If Spain had joined the Axis, could they have won the war?

If Spain had joined the Axis, could they have won the war?

No. While it would be a net gain, especially in the sense of a likely ability to secure Gibraltar and let the Italian fleet out of the Med, it wouldn't be enough to change the overall outcome.

No, they would still lose to the Soviets on the eastern front. The Spanish already sent their soldiers to the eastern front in OTL anyways, without officially joining the war and it didn't help. All they would do is delay the opening up the Mediterranean theater. On top of that, joining the Axis would reignite the civil war in the country.

They might of been able to hold out a couple of more years, but they would still eventually lose the war.

What were the Axis plsns for Spain after victory? Just invite them in?

No. Now stop making these stupid fucking threads over and over again.

>Liberated by allies
>Marshall aid
>EU membership
Yeah, Spain could greatly improve had they sided with the nazis.

Yes

join venture to recover spicamerica I guess

In the contrary, it would shorten the war, as it becomes much easier for the Americans to open a second front in Europe and hitler is forced to commit more troops to the West.

Not him, but I have a hard time believing some sort of Iberian campaign will involve more troops than the historical Italian campaign.

spaniards invented guerrilla war, it would be like the balkans was to the nazis

The blue division was less than 6000 soldiers. That's nowhere near full support

We're talking a hypothetical situation where Spain joins the Axis, not Germany invading Spain. While you'd have whatever anti-franco elements could be mustered up, trianed, armed, and organized for round 2 of civil war, it's not like you don't have a friendly government with a pretty significant reach over there.

Plus, although I haven't done much study into the state of the Iberian peninsula by WW2, I don't think the local levels of infrastructure were very good. That's going to sharply limit the number of troops either side can commit to a campaign down there.
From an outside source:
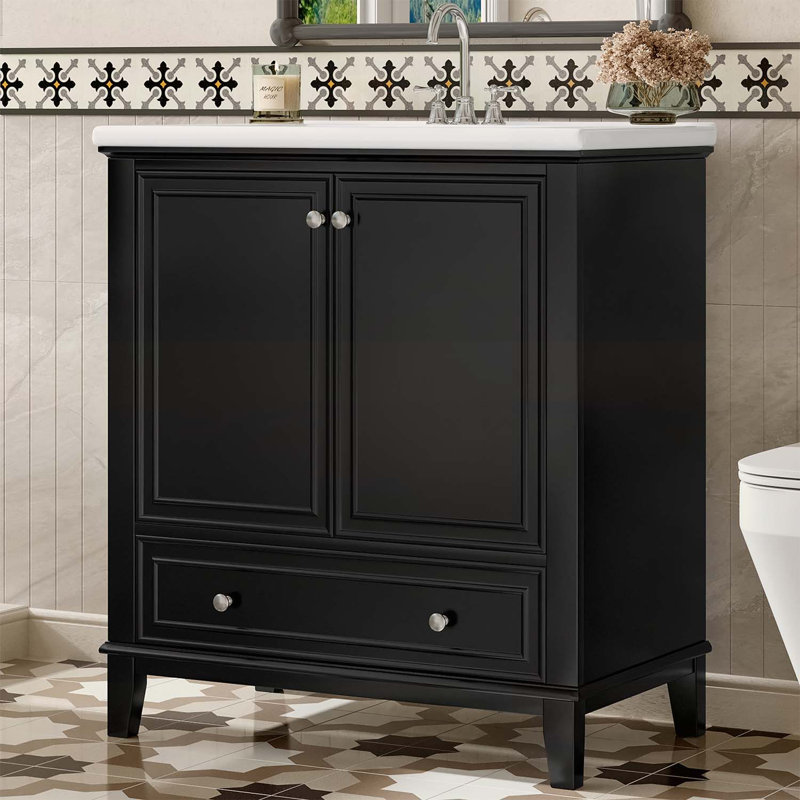 Meuble-lavabo de salle de bain avec lavabo, rangement multifonctionnel et tablette réglable pour les salles de bain modernes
Wasn't Spain ultra weak after the civil war? I guess they could have helped at bit but thet would still get wrecked by americans

Oh yes another useless ally which would have huge casualties, fail against Britain and America, then surrender and unite with Allies against his ex-friend Germany. Yes it would change the world and we would be living in nazi utopia right now with no blacks, Jews, homosexuals, internet and OP would got laid

Spanish studying history here.

The answer is: Partially, Spain was with the Axis, it was mainly because of their help that Franco won the Civil War so Franco send some help back in the IIWW (search La DivisiĆ³n Azul) but in the other hand, it was little to no help because Spain ended up poor as fuck after the II republic and the Civil War, their alliance was more of a ideollogic one (archaeology to demonstrate that Spain was an indoeuropean place yada yada).

In summary: Spain was with the axis but military couldn't almost help because the country didn't had the time to recover from the Civil War.
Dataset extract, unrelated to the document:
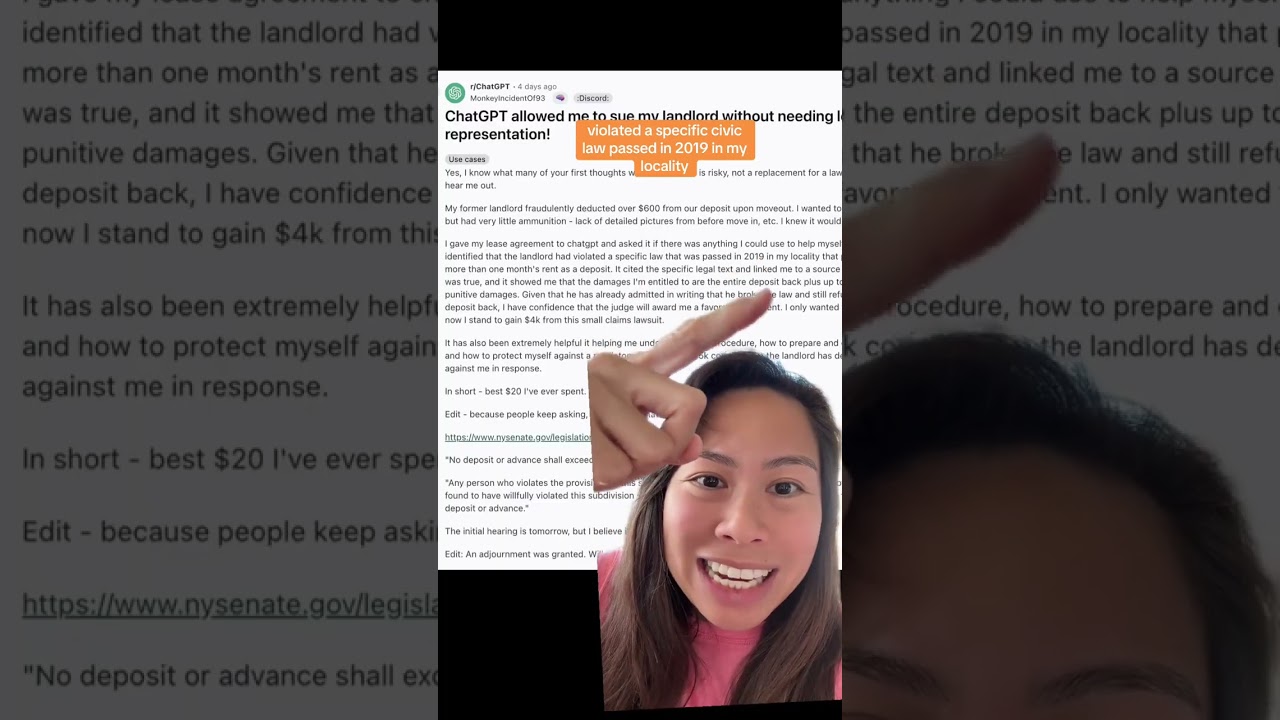 Using ChatGPT to help sue landlord over unreturned deposit! - how do I use chatgpt to help me draft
There's no winning against the US and USSR. Especially if the US can use Britain as their unsinkable aircraft carrier

Honestly, at least from my armchair general perspective, Spain's alliance with Germany, assuming it happens shortly after the fall of France, is mostly going to offer geography, not any sort of industrial or manpower resources. The single most important thing Spain can do is offer access to enough German troops to secure Gibraltar, which blocks one half of the access to the Meidterreanean and at least in theory lets the Italian fleet out into the Atlantic to really complicate the convoy war. (Whether or not this can actually be done is more difficult to calculate, Italian ships were designed with the calmer conditions of the Med in mind and had short cruising ranges. And there's always the perennial shortages of oil. How effective they'd actually be is far from clear.)

The single most important thing they do is just exist.

>In summary: Spain was with the axis but military couldn't almost help because the country didn't had the time to recover from the Civil War.

So just like Italy bur without Hitler pressuring them

North africa would be more contested. Spain would collapse as germany had other efforts to do. And if Germany supported the spaniards, the soviet union would only grow stronger.

No, Spain was completely and utterly destroyed after the civil war

Imagine being this retarded

>Spain could greatly improve
>Worse now then they were under Franco

It's full of commies, corruption and the worst economy after Greece, it could be quite better

If Spain and Portugal joined the Axis it would have helped the U-Boat war a lot, but probably would have just bought them a few more months.

The Germans best chance would have been no Russian involvement.

Unlikely, as it would have meant that Western Europe was more vulnerable for an invasion. Not to mention most of Spain's economy and infrastructure had been devastated after the civil war and there were serious concerns that another civil war could arise.

While the seizing of Gibraltar may have snowballed the Axis efforts of dominating Europe and winning the war, it would depend on when that happened. If at the outbreak of war, the Spaniards occupied the Rock, a repeat of convoy raiding seen in WW1 may have made the situation in Britain untenable. However, if the Spanish join in post-Soviet invasion, the opening of the Mediterranean would do little to alleviate the situation.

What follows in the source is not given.